Pirates of the Carribean: Dead Men Tell No Tales

Okay, sometimes you see a movie simply because you have to review a movie that week and your timeslot is limited, and only the blockbuster that is in all the cinemas has a screening that is convenient for you to get to. So that's why this one.

I tuned out of the Pirates series after the third one. I'd enjoyed the first, had enjoyed a lot of the second, but felt the third was starting to get simultaneously overblown and underpowered, too in love with its own mythology and with not enough really interesting character development to take it any where. So I sat out the fourth one. But I'm back for the fifth one, shot in Queensland for that vaguely authentic tropical feel, and therefore with a few more Australian actors filling out the minor roles (the inevitable Bruce Spence and a not-given-anything-interesting-to-do-in-the-script David Wenham getting the largest of what's going). Geoffrey Rush's Barbosa is possibly the best element of the film this time - he has a gorgeous intro enjoying wealthy crapulence in a Louis XIV wig, and gets what's closest to an emotional arc in the film. Johnny Depp's Captain Jack Sparrow is all external tics - it makes you doubt there was ever anything interesting about the performance, which seems like a bad impersonation of itself even while it's going. Javier Bardem is the new baddie, and while the CGI is doing 50% of the work as he sports an impressive semi-drowned look, he does have a suitably crazed enthusiasm for the job of villaning it up.
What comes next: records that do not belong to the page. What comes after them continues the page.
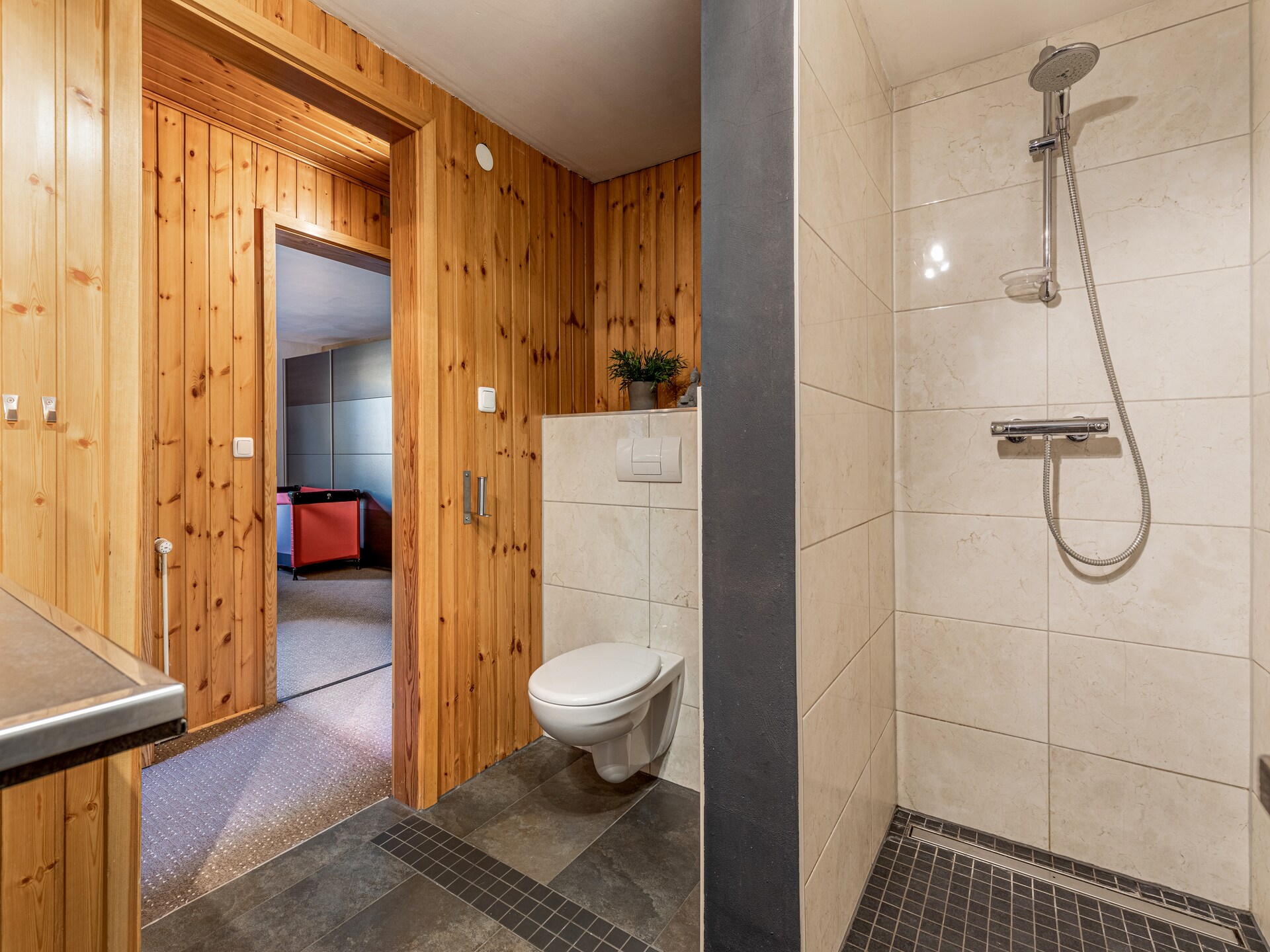 Ruim appartement Betty bij strand, grote tuin & golfbaan nabij Heiligendamm - foto 18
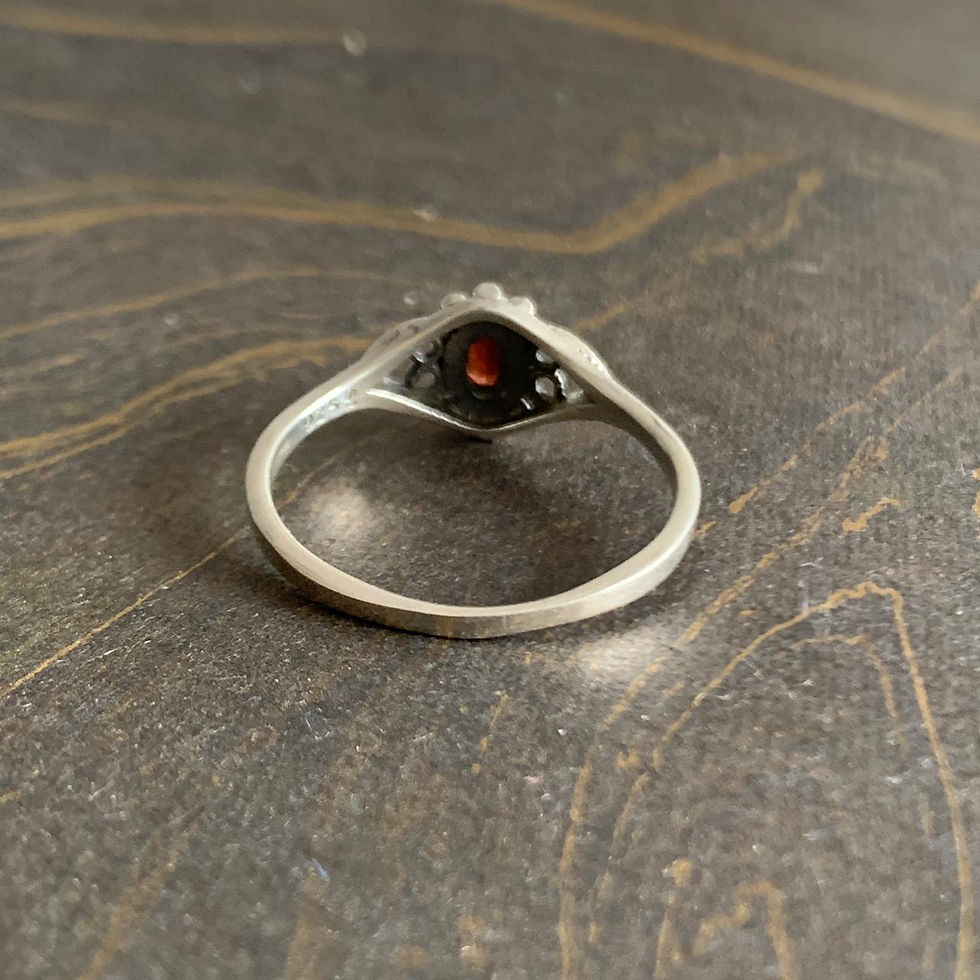 Miniatura: Dainty Garnet Silver Ring (1.8 Grams)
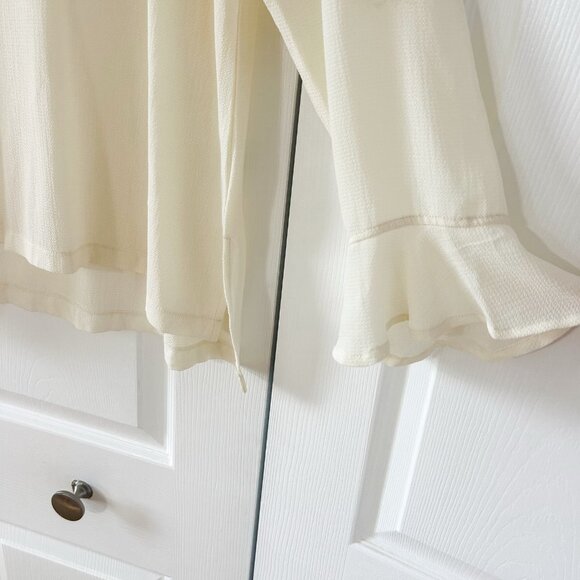 She + Sky Cream Keyhole Ruffle Sleeve Blouse Women’s Size Large - Picture 2 of 6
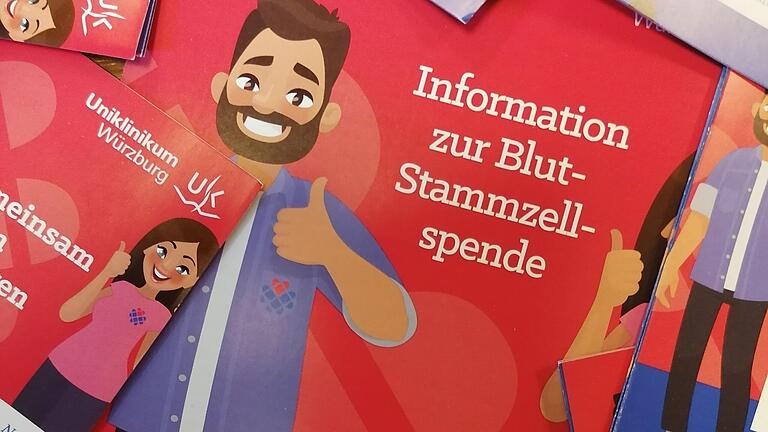 Mit solchen Flyern wirbt das „Netzwerk Hoffnung“ für die Aufnahme in die Stammzellspenderdatei, mit deren Hilfe die Krankheit „Leukämie“ geheilt werden kann. Mit solchen Flyern wirbt das „Netzwerk Hoffnung“ für die Aufnahme in die Stammzellspenderdatei, mit deren Hilfe die Krankheit „Leukämie“ geheilt werden kann.
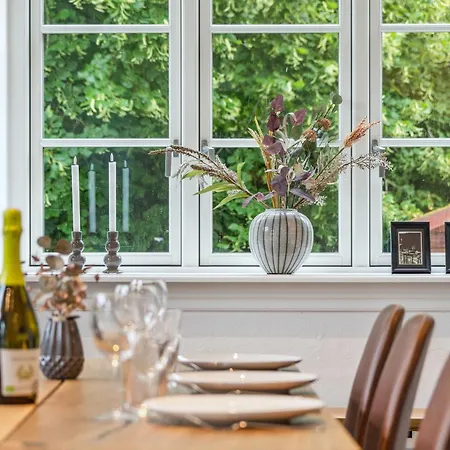 Nyrenoveret 3br Naer Aarhus M Gratis Parkering Hojbjerg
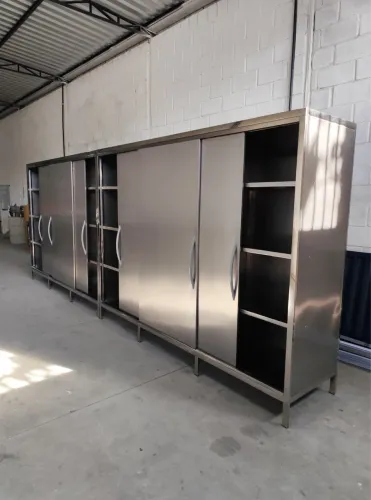 Armário em aço inox 304 ou 430 sob medida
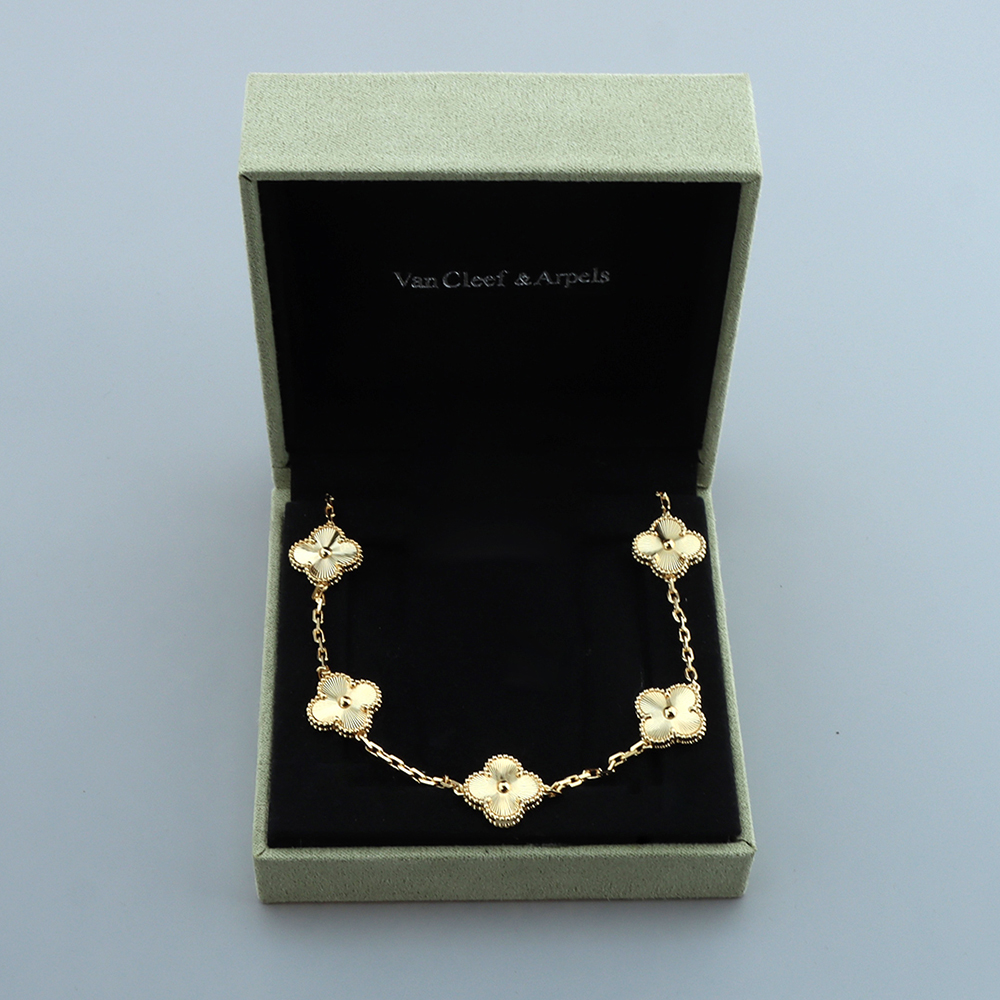 Van Cleef & Arpels Vintage Alhambra necklace, 10 motifs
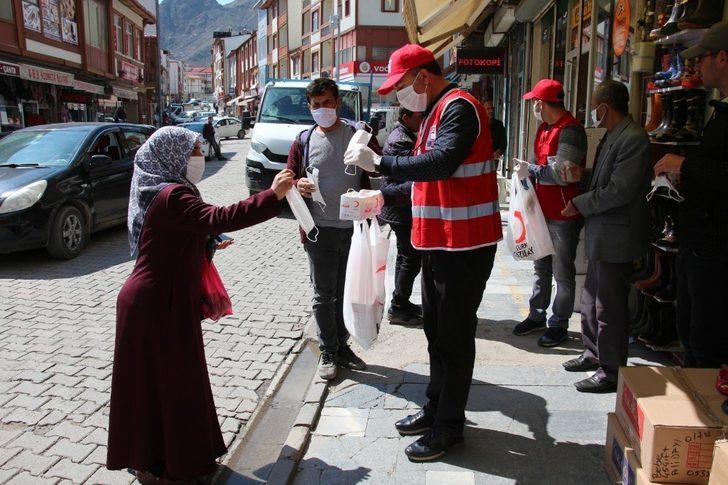 Kızılay Oltu’da maske ve dezenfekten dağıttı G2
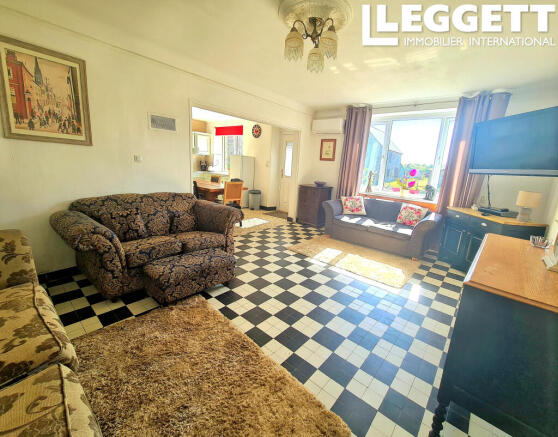 Photo 3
The new generation of heroes are, sadly, a bit of a dead loss. The series turns out to miss Orlando Bloom and Keira Knightley in these roles (both are back as older figures), as their replacements Brenton Thwaites is a reasoable looking chap, and Kaya Scolderio has been decent in other projects, most particularly series 3 and 4 of Skins.The mythology makes very little more sense than it did previously ,and there's not a lot of imspiration anywhere else. The finale does have a few interesting settings and ideas, but it's mostly too little too late. Largely skippable.